This is the second picture in the series My life and in it, as in the first picture, I continue to develop the ambivalent effect of fantasy and reality on human behaviour.
What is fantasy? Where is it to be found?

All who belong to the world of art and who have a gift for words could fill hundreds of pages surrounding the concept of fantasy in a silk bubble; they are keen to safeguard the radiance of its magic and to protect it from a reality which they all see as dehumanizing. The words would flow like satin onto the sheets of paper, some adorned with ingenuity, others intoxicating our will with seductive descriptions, all with that sweetness which puts the mind to one side. They could not find any legitimate, secret resting place since fantasy is capricious and wanders like a free spirit, landing briefly only in those intelligences which are eager to strip off the mourning imposed on us by modern life, so implacably pragmatic.

For those who are more practical, the universe of fantasy is closely linked to an excess of imagination, a whirlpool of desires, plans, ambitions, fancies, dreams and utopias which appear in no order, contradict each other and are typical of youth. Fantasy is an intellectual flu, typical of youth and lessened by maturity.

These attitudes are more commonplace, but what is the true structure that supports each of these positions? Have they been formulated correctly? If the spectator had to identify with one of them, which would they choose?

True, we can find people from all walks of life on both sides of the threshold, yet the vast majority of readers who pay attention to these suggestions will respond as they desire, and because they do not understand the reason for their desire, they will be wrong twice. As I follow this approach, many will believe that I am only trying to produce an illusion by playing with words, but let us not forget that although in the world of fantasy not all is as it seems, reality can contain fantastic secrets which may confuse less prepared minds. So let’s develop both positions and see where they lead.


For the first group, those on the side of Fantasy, the picture seems to describe itself since I set it in a hollow in a wood, a place of withdrawal, a secret place, the home of little animals, where an evocative figure emerges to guide our plans. For these who are open-minded and receptive, the metaphorical lyricism found in these corners has always been a source of inspiration; the smallest, most hidden things contain greater, more trustworthy realities because although reality splits into countless winding paths, these all lead towards the same end, the light of understanding. The poet can locate a strange phenomenon under the roots of trees and the mathematician a strange number, but if we look carefully at their essential nature and at the content of what they say we will discover a greater reality where there is room for us all.
For the second, those addicted to common sense, fantasy lives in a tangle of fictions fed by the avidity of youth, preventing individuals from realizing what mechanisms really control their lives. Fantasy develops with models of freaks, spirits, and fairies, all in magic scenarios, majestic towers and sinister roots. If these people had to attribute any metaphorical element, such as hollowness, to the picture, they would present it as the narrow space in which so much subjectivity is elaborated, or as a well, the prison of those minds that cannot break away from the seductive song of the mermaid that bewitches our reason.

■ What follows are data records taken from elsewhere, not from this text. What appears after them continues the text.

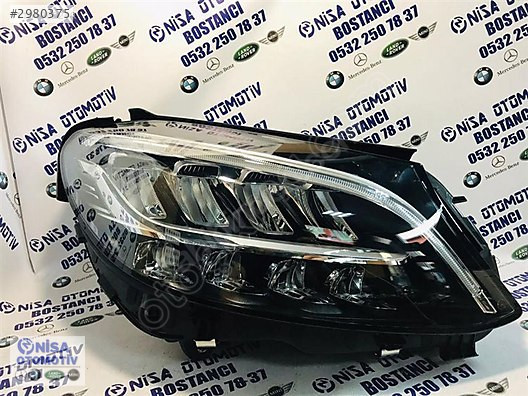 MERCEDES C SERİSİ W205 C180 AMG MAKYAJLI LEDLİ SAĞ FAR SIFIR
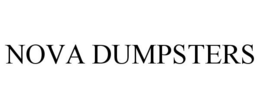 NOVA DUMPSTERS trademark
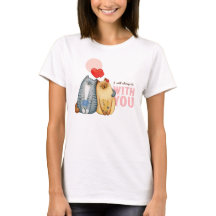 Zwei Katzen mit Herzformen und romantischen m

For the first group, the fantasy is always elaborated in warm shades, dabbling in reds and yellows, radiating their warmth to fill the rest of the chromatic palette used in the work. The invention is transformed and takes on a real body.
For the others, the absence of reality is blurred in cold colours. White and blue become the true rulers and spread their icy halo over the rest of the scene: greens and violets always wander, confused, trying to elude their primary reality.

In short:
In the minds of visionaries the imagination fights to rebuild an alternative reality; for the others, fantasy is a way of evading reality.

The spectator may still hold to the initial decision, or may perhaps notice a certain weakening of their convictions. In Revelation, the girl shows her surprise at a truth that has been revealed to her and that is far removed from what she had imagined. As the daughter of a king, she felt like a princess abandoning her castle, her only desire to know a part of external reality; she would never for a moment have suspected her origin, her virtue or her destiny. But as the Roman proverb says, we make mistakes through ignorance and we learn through our mistakes; and the girl learnt that reality was none other than the dark hole, for as the daughter of a gardener, she herself was just an illusion, and the world that was opening up before her eyes was an illusion.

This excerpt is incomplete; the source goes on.